“That,” says Mr. Browning, “is the pulpit.”

“For preaching?” says I. “Who do they preach to, and why do they all have it?”

“For harpooning,” says he. “Swordfish. That’s the great sport here. Wish we had time to give it a try. They say it’s wonderful fun.”

“How do they do it?” says Catty.

“They go outside, some place past Cuttyhunk in the ocean. A swordfish blows something like a whale. They come up and lie on the surface and sleep. I’ve heard you can get right close to them without disturbing them at all. These boats have a man with a long harpoon out on the pulpit, inside that little railing, and when they get right over the swordfish, they let drive. The shaft is free from the head of the harpoon, and as soon as it strikes, it falls off. A long line is fastened to the head, and a keg is fastened to the line. These swordfish are great big fellows, you know; weigh a lot. As soon as the harpoon nicks them, they’re off like regular submarine boats, and the fishermen throw the keg overboard and let the fish pull it around. Then they follow till the fish tires itself out—and shoot it.”

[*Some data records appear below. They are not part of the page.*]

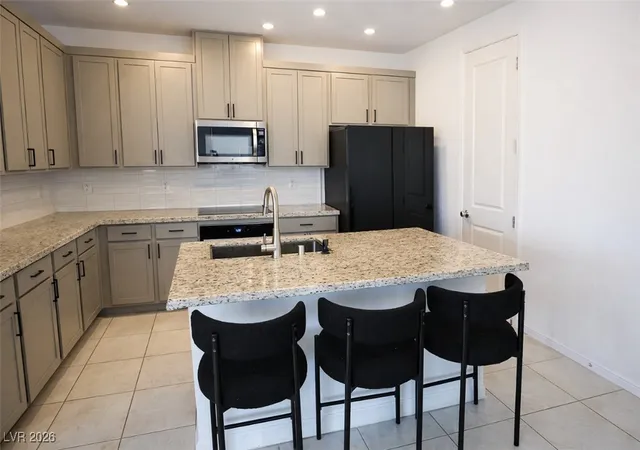 Photo 3 of Townhouse for sale at 224 Vanhoy Ave, Henderson, NV 89011 | MLS# 2753970 | Listing updated on 2026-09-23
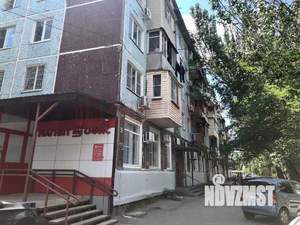 3-к квартира, вторичка, 58м2, 2/5 этаж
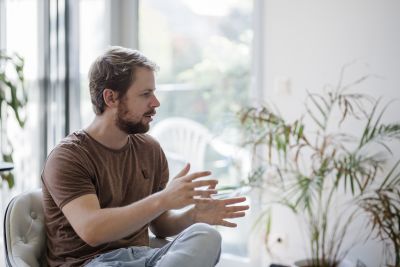 Mann sitzend in Interviewsituation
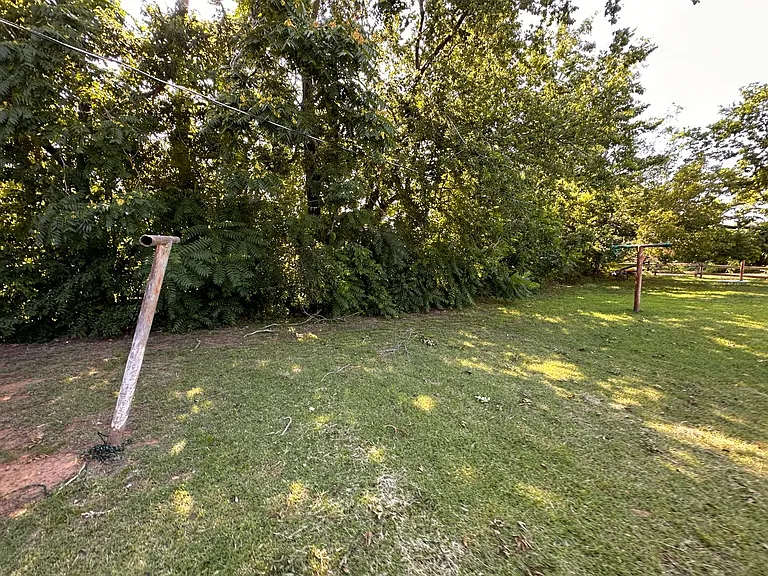 503 N Baumann Ave — Photo 16
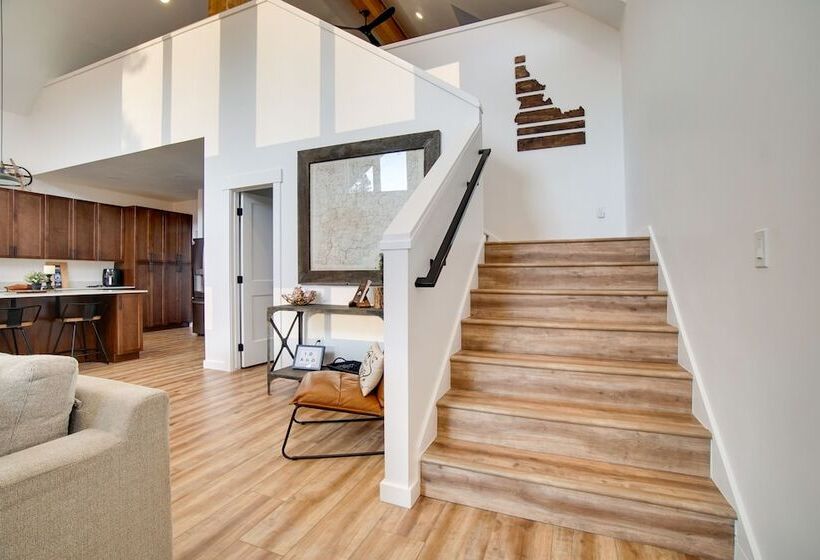 Modern Donnelly Cabin W/ Private Hot Tub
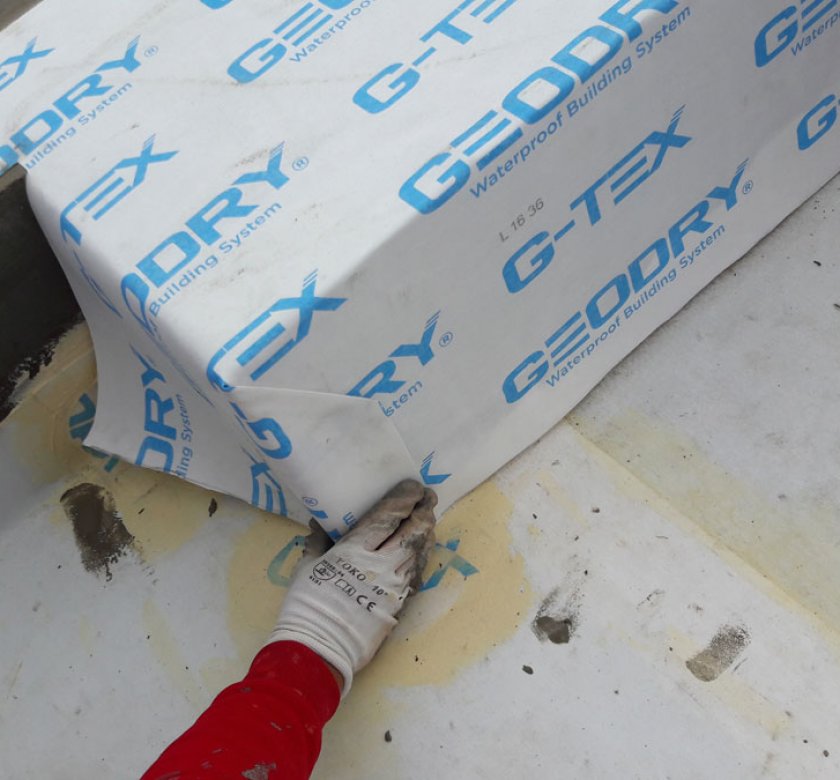 bloc-apartamente-acoperis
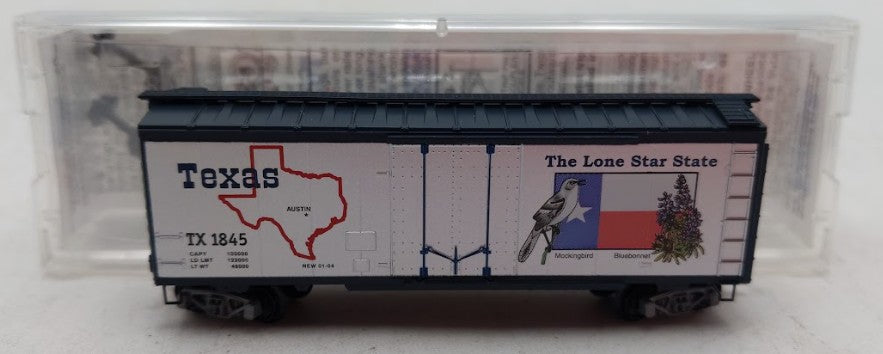 Micro-Trains 02100374 N Scale Texas State 40' Standard Plug Door Boxcar #1845 EX/Box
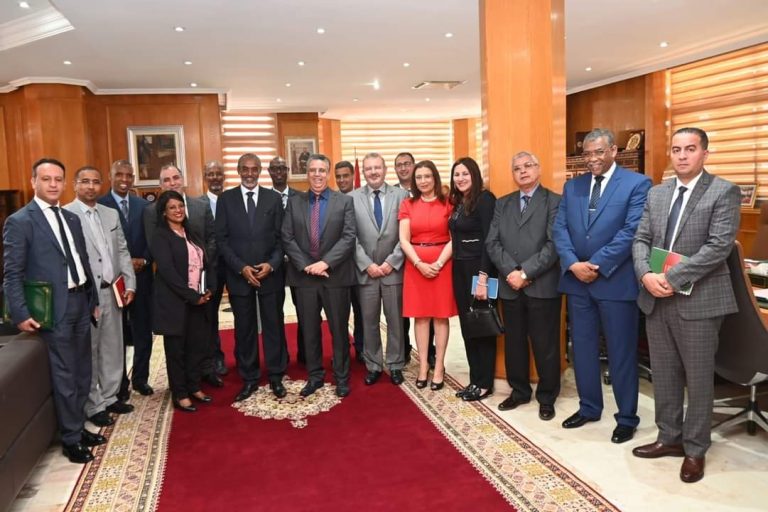 وهبي يبسط التجربة المغربية في مجال العدل لوفد رفيع المستوى من جيبوتي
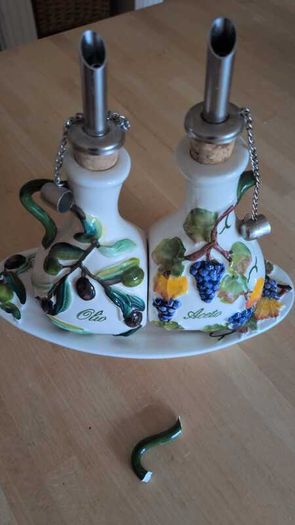 Olive Oil Balsamic Vinegar pots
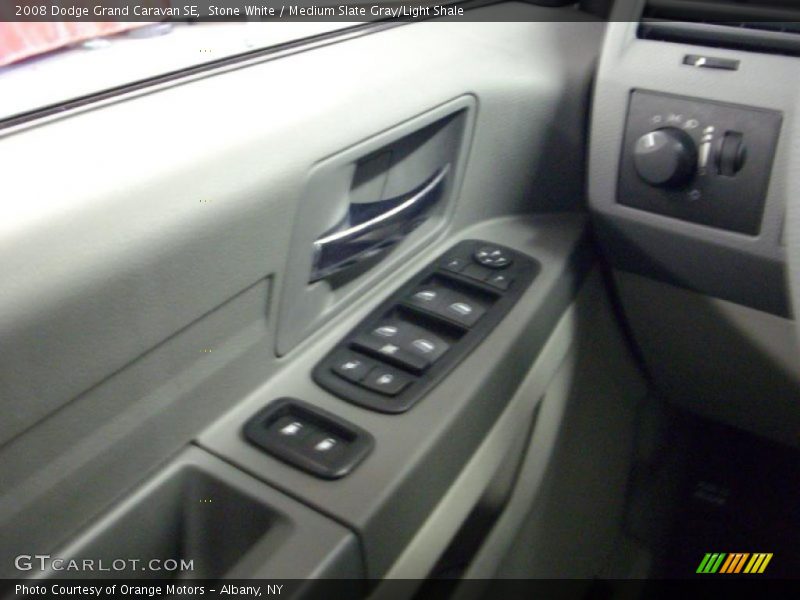 Stone White / Medium Slate Gray/Light Shale 2008 Dodge Grand Caravan SE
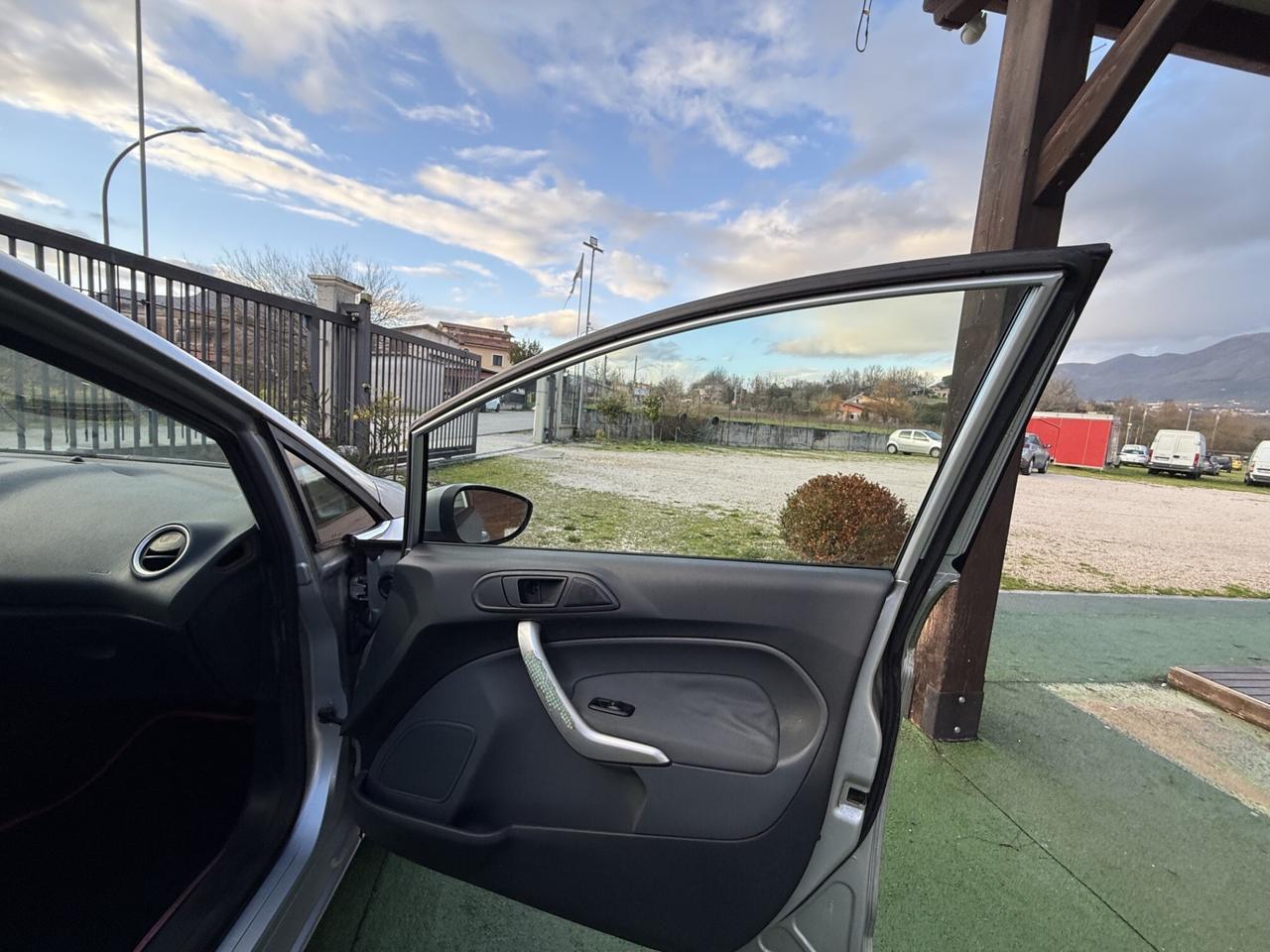 FORD FIESTA 1.2 BENZINA OK NEOPATENTATI
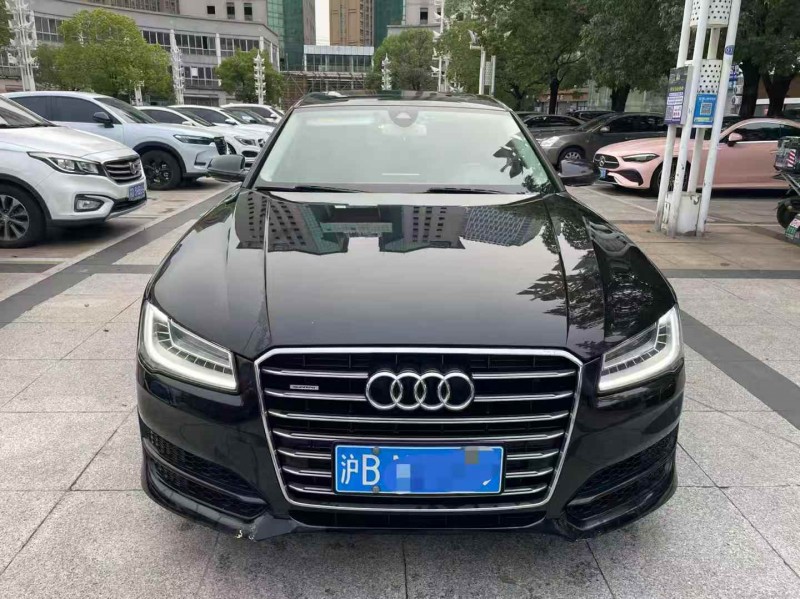 徐州17年奥迪A8L1
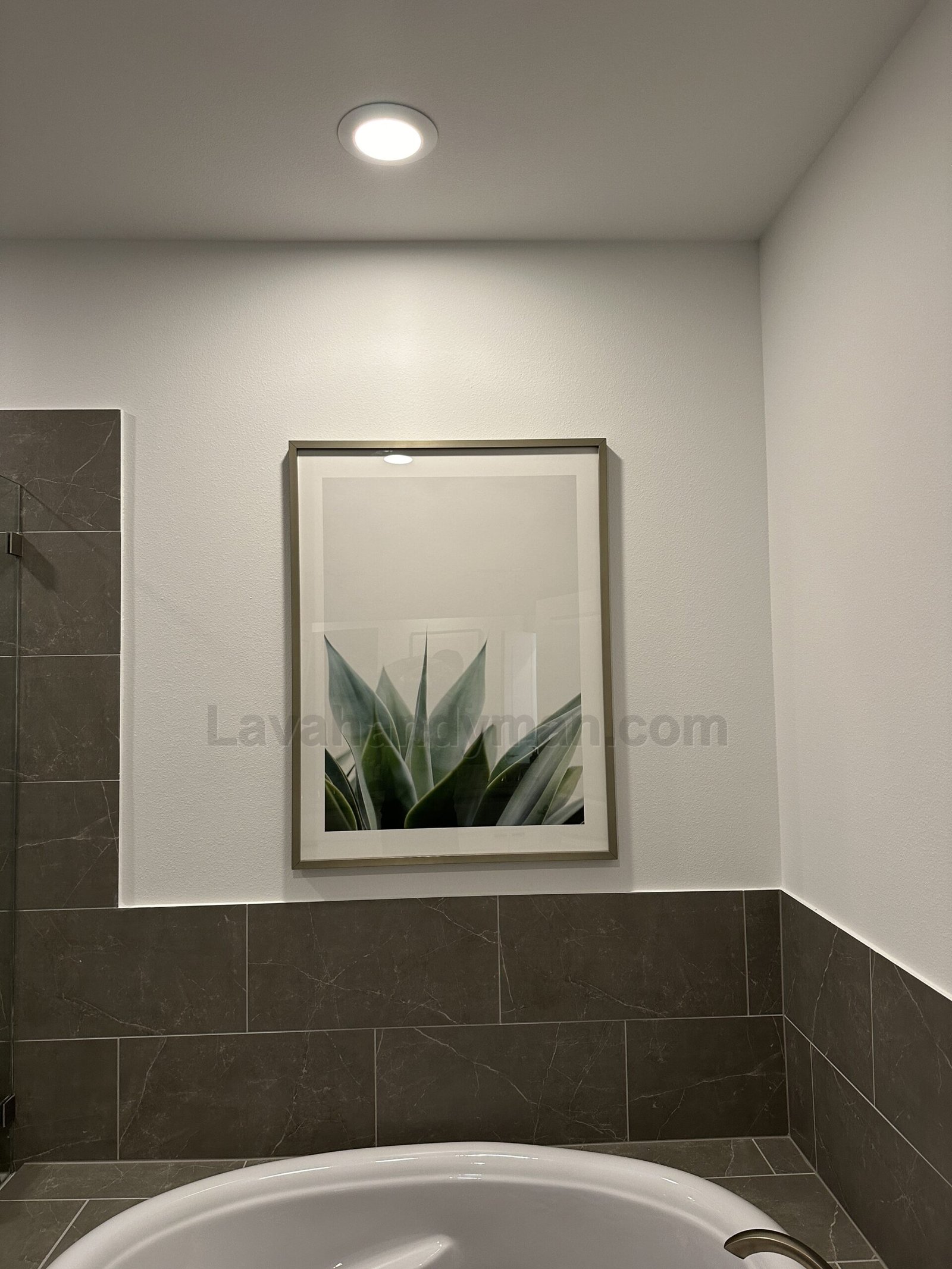 Decorative Picture Hanging with Lighting: Tips for a Stunning Look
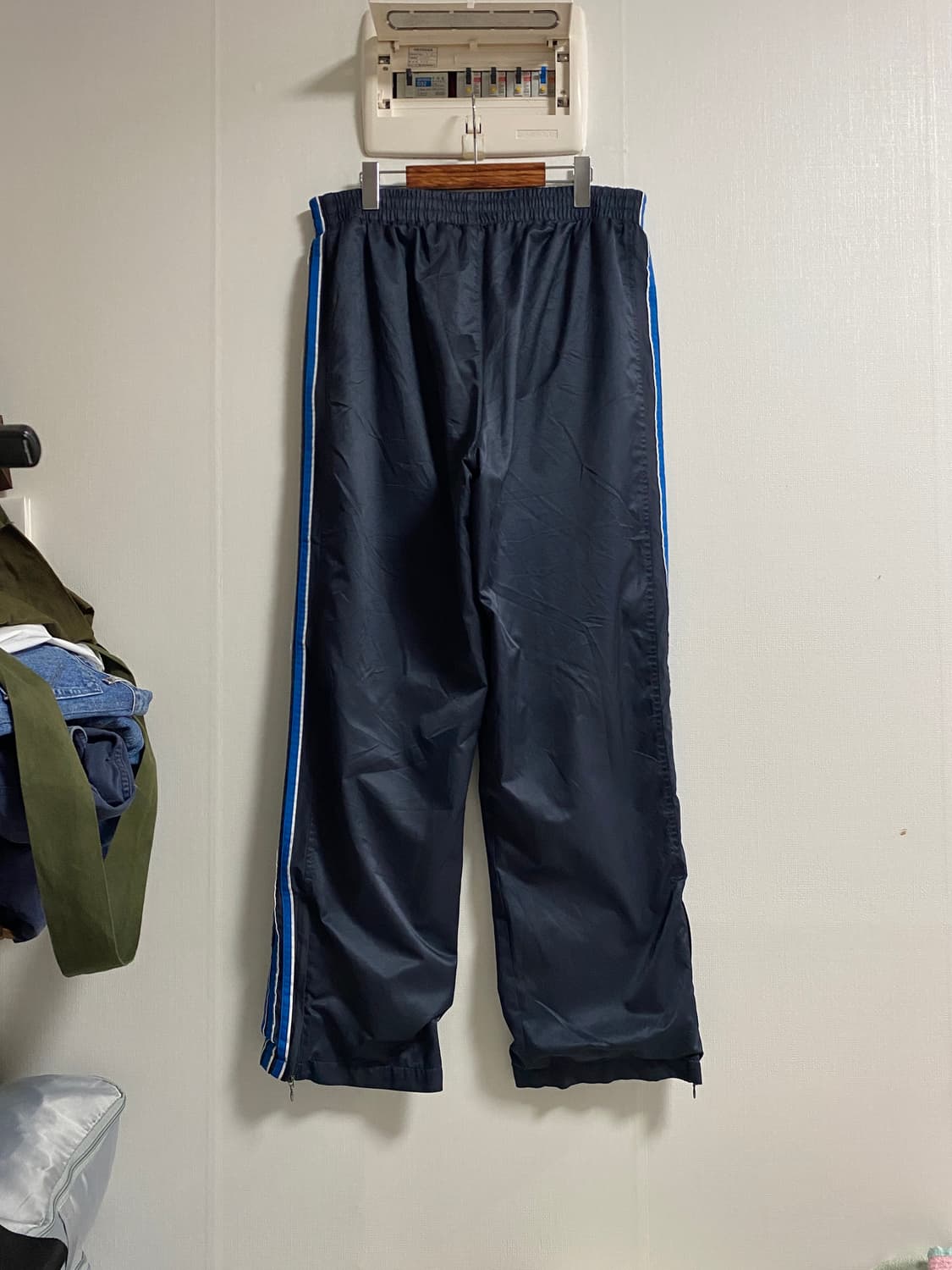 (36)90s 아디다스 올드스쿨 와이드핏 기모 트랙 팬츠 상품이미지6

“Must be a circus,” says Catty.

Catty and I were pretty tickled with ourselves for sending the Porpoise off on a wild-goose chase, but we didn’t say a word, because we weren’t supposed to know anything about it. But Mr. Browning and Mr. Topper looked a heap relieved, and surprised, too. When they saw that black yacht up-anchor and move away, you would have thought somebody had left them a billion dollars.

“Now what d’you make of that?” says Mr. Topper in a whisper.

“Beats the Dutch,” says Mr. Browning. “Guess you were mistaken about her. Couldn’t have been following us at all.”

“She was,” says Topper. He began to look kind of worried. “Can’t be they’ve discovered anything, can it? They didn’t get aboard us?”